Was ist das: Einkommensumleitung?
Es ging Müller-Armack nicht um eine Umverteilung der Einkommen von den Reichen zu den Ärmeren. Mit Einkommensumleitung meint er beispielsweise: Die Gesunden finanzieren mit ihren Beiträgen zur gesetzlichen Krankenversicherung die Behandlungskosten der Kranken. Die Erwerbstätigen finanzieren über ihre gesetzlichen Rentenversicherungsbeiträge die Renten der Ruheständler. Oder, was in den 1950er Jahren, nach dem Krieg, eine große Bedeutung hatte: Diejenigen, die nicht ausgebombt waren, finanzierten mit einer Vermögensabgabe die Unterstützung für diejenigen, die ihr Hab und Gut verloren hatten. Lastenausgleich nannte man das damals.
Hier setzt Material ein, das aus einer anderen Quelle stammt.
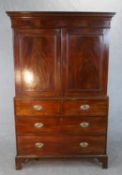 A Georgian mahogany press cupboard the upper section with flame mahogany panel doors enclosing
Wichtig war Müller-Armack: Der Staat kann eingreifen, aber er muss immer marktkonform handeln. Das heißt, er darf nie den Preismechanismus antasten. Ein Beispiel, das heute wieder aktuell ist: Wenn Wohnungen knapp sind und die Mieten deshalb stark steigen, soll der Staat nicht die Mieten gesetzlich festlegen, sondern den einkommensschwachen Haushalten Wohngeld geben, damit diese auch teure Mieten bezahlen können.
Kapitalismus und Marktradikalismus
Und was sind die entscheidenden zwei, drei Merkmale einer kapitalistischen Wirtschaftsordnung?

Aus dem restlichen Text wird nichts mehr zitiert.